In un successivo tweet Trump poi ha dato del “Never Trumper” a Bill Taylor, il diplomatico di lungo corso, nominato ambasciatore in Ucraina nel 2006 da George W. Bush, richiamato poi come incaricato d'affari a Kiev dopo la rimozione dell'ambasciatrice Marie Yovanovitch. Martedì Taylor ha testimoniato di fronte alla commissione d'inchiesta dell'impeachment riguardo alle pressioni fatte su Kiev da Trump per ottenere vantaggi politici. L’ambasciatore ha raccontato di aver appreso dall'ambasciatore Usa all'Unione Europea, Gordon Sondland, che gli aiuti militari all'Ucraina erano stati congelati e condizionati al lancio delle "indagini" che Trump voleva. Quelle, come emerso dalla pubblicazione della trascrizione della telefonata del 25 luglio tra il presidente il suo omologo ucraino, Volodymyr Zelensky, su Joe Biden e il figlio Hunter.

Trump afferma di non aver mai incontrato Taylor, anche se è stato il segretario di Stato Mike Pompeo a richiamarlo in servizio per sostituire l'ambasciatrice da lui allontanata dietro le pressioni di Rudy Giuliani, architetto del “teorema” alla base del Kievgate, cioè l'intervento di Joe Biden a favore della società ucraina per la quale lavorava il figlio Hunter e le pressioni di Trump affinché le autorità di Kiev indagassero sul rivale democratico in cambio di aiuti militari.


Nervosismo alla Casa Bianca


La virulenza dell'attacco di Trump è il segnale di un certo nervosismo alla Casa Bianca per il crescente numero di prese di distanza tra le file dei repubblicani del Congresso dalla sua politica in Siria alle controverse decisioni sul G7. Alla Camera la mozione di condanna del ritiro e del tradimento degli alleati curdi è passata infatti con 354 voti favorevoli e solo 60 contrari, quindi con il sostegno di decine di repubblicani. Trump poi sarebbe stato costretto a fare marcia indietro sulla scelta del suo resort privato in Florida per il vertice del G7 del giugno prossimo dopo che i repubblicani gli hanno detto che su questo non avrebbero potuto difenderlo.
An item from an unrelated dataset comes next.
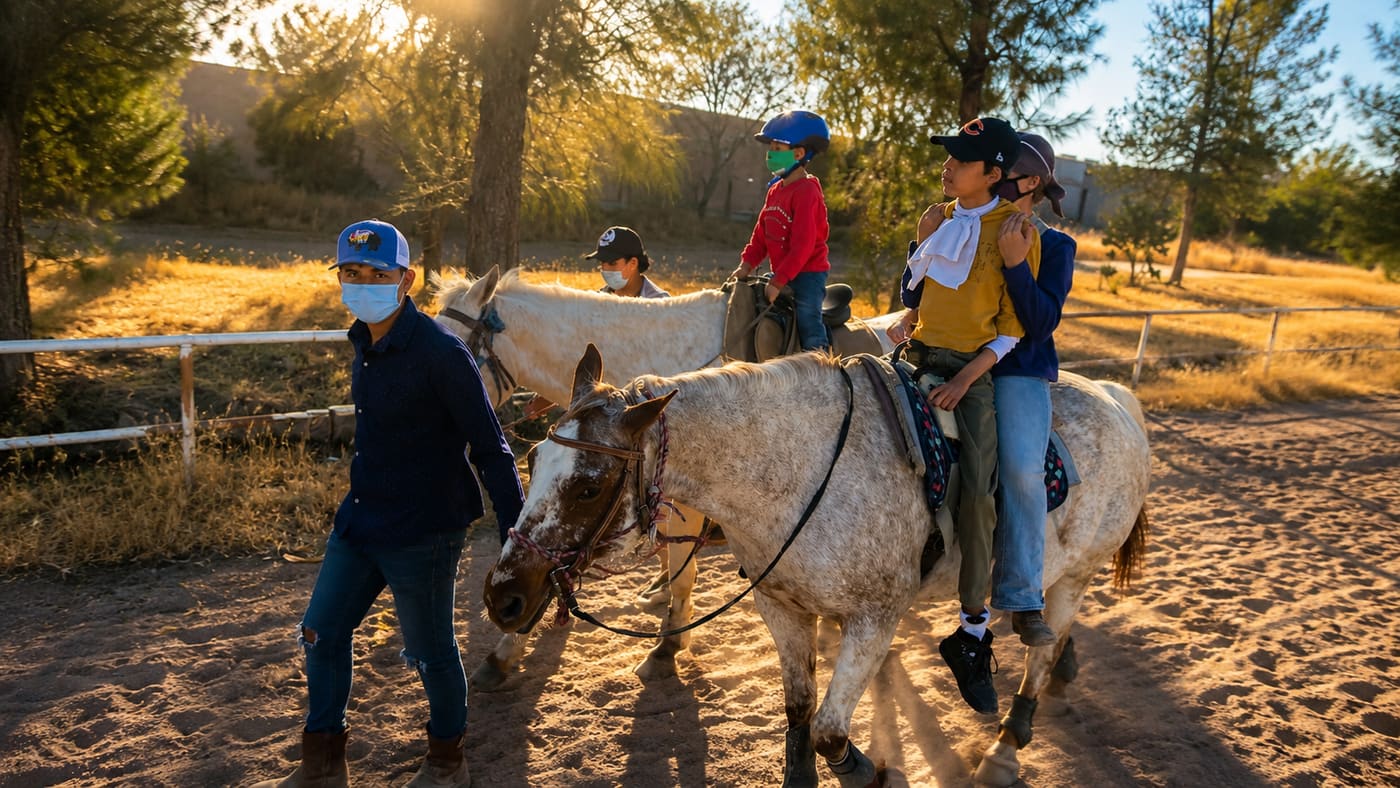 Sesión de actividades asistidas con caballos: niños y acompañantes en la arena al atardecer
E le prese di distanze si stanno anche allargando sul terreno, quanto mai pericoloso, dell'impeachment: basti pensare che lo stesso leader della minoranza alla Camera, Kevin McCarthy, ha espresso il suo disagio per il fatto che Trump ha definito la procedura di impeachment a cui è sottoposto un linciaggio, evocando i fantasmi della pagina più buia del razzismo in America.

Il ritorno di Bannon


Il sospetto della Casa Bianca è che questi siano segnali di una spaccatura in seno al partito: "L'impeachment sarà approvato, ma bisogna che il voto della Pelosi sia il più di parte possibile", sintetizza Steve Bannon, tornato in campo per coordinare una manovra mediatica anti impeachment, sottolineando che è cruciale che vi siano "zero voti" da parte dei repubblicani alla risoluzione di impeachment che la maggioranza democratica approverà.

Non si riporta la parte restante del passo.